4.2 CFA with Categorical Indicators using LISREL
Launch LISREL and load the data by choosing File → Import External Data in Other Formats. Navigate to the C:\temp\CFA folder, choose the file values_ord.sav, and click Open. When prompted, enter the name values_ord in the File Name field and click Save. The data will then be displayed in spreadsheet form. It is possible to define the variables in the dataset as ordinal by going to Data → Define Variables, highlighting all the variables, and opening the Variable Type menu.
The next step is to estimate the polychoric correlation and asymptotic covariance matrices. Go to Statistics → Output Options. In the dialog box that opens, choose Correlations from the Moment Matrix drop-down menu and click in the empty box next to LISREL system file. Place a check in the box next to Save to file under Asymptotic Covariance Matrix and enter the name values.acm.
Click OK to save both the LISREL system file and the asymptotic covariance matrix to the working directory, in this case C:\temp\CFA.
The next step is to create the path diagram of the confirmatory factor model. Click on File → New and choose Path diagram. When prompted, save the diagram. Give it the name values_ord and click Save. An empty drawing space will open.
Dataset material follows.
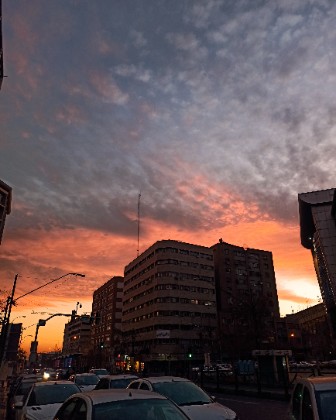 City evenings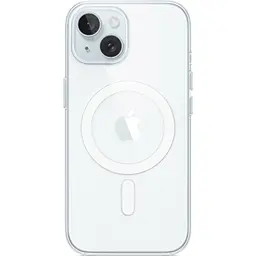 Чохол Clear Case with MagSafe для Apple iPhone 15 Transparent AA [92696] - мініатюра 9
Go to Setup → Titles and Comments to give the model a name. In the box that appears, enter “CFA of Ordinal Data” in the Title field.
Click Next. The Group Names box opens but can be ignored because the model will be tested on only a single sample. Click Next again. The Labels box now displays.
The names of the observed variables are saved in the LISREL system file created previously. Click the Add/Read Variable button to access them.
In the Add/Read Variables box make sure the Read from file radio button is selected and LISREL System File is chosen from the drop-down menu. Browse to the location where the LISREL System File was saved, choose values_ord.dsf, and click OK. The observed variable names will then appear in the Labels box. To add the names of the latent variables click on Add Latent Variables. In the box that appears enter Economic and click OK. Do the same to add the label Morals.
When finished, choose Next. The Data dialog box then appears. Choose Correlations in the Statistics from drop-down menu and make sure LISREL System Data is chosen under File type.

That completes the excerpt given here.